Formada em antropologia pela Fundação Escola de Sociologia e Política de São Paulo e cursando mestrado em saúde coletiva, Thaíse é uma jovem que se distingue de outros de sua geração. O pai queria que fizesse direito, sua profissão, mas a garota desde criança demonstrou inclinação para a área de humanas. "Entrei para ciências sociais pensando na carreira diplomática, mas logo me defini pela antropologia".

Ela confessa que, devido à sua formação, tem certa dificuldade de relacionamento não só com jovens, mas também com adultos. "Sou muito crítica da realidade e hoje as pessoas vivem mais voltadas para seu cotidiano. O consumismo é um reflexo dessa sociedade. O momento do Brasil, e de Santos em particular, com este boom de tecnologia e novas possibilidades de emprego, também aflora mais o individualismo.

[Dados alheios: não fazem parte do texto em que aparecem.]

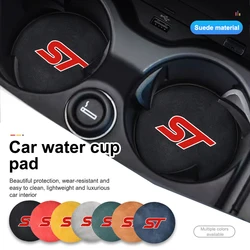 Car Suede Coaster Anti-Slip Water Cup Pad Bottle Holder Mat For Ford ST Racing Performance Focus Mk2 Mk3 MK4 Fiesta Ranger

Tento lidar com isso, senão viro uma pessoa chata", brinca.

Thaíse comenta que matérias de cunho humanista - como a filosofia, antropologia, sociologia - conferem uma capacidade crítica e a possibilidade de enxergar fenômenos sociais alheios à sua realidade. "A pessoa passa a perceber que tem o seu umbigo, mas têm também vários outros umbigos orbitando ali".

Geração robotizada 

Para o sociólogo e professor universitário Cláudio José dos Santos, qualquer modificação que se faça na estrutura do ensino traz poucos resultados se não for acompanhada de uma mudança global, no caso do ensino público que vive uma situação de quase falência. Mas, ainda assim, ele considera bem-vindas as tentativas para melhorar esse quadro.

"Os jovens de hoje são pessoas muito hábeis em executar tarefas, cumprir ordens, mas com pouca capacidade para reflexão, o que prejudica seu preparo para uma futura tarefa de direção. É uma visão míope do problema. Países deram grandes saltos seguindo no sentido contrário, não minimizaram nem a tecnologia nem o exercício do pensar. Fizeram reformas que implicaram nessa proximidade com matérias reflexivas".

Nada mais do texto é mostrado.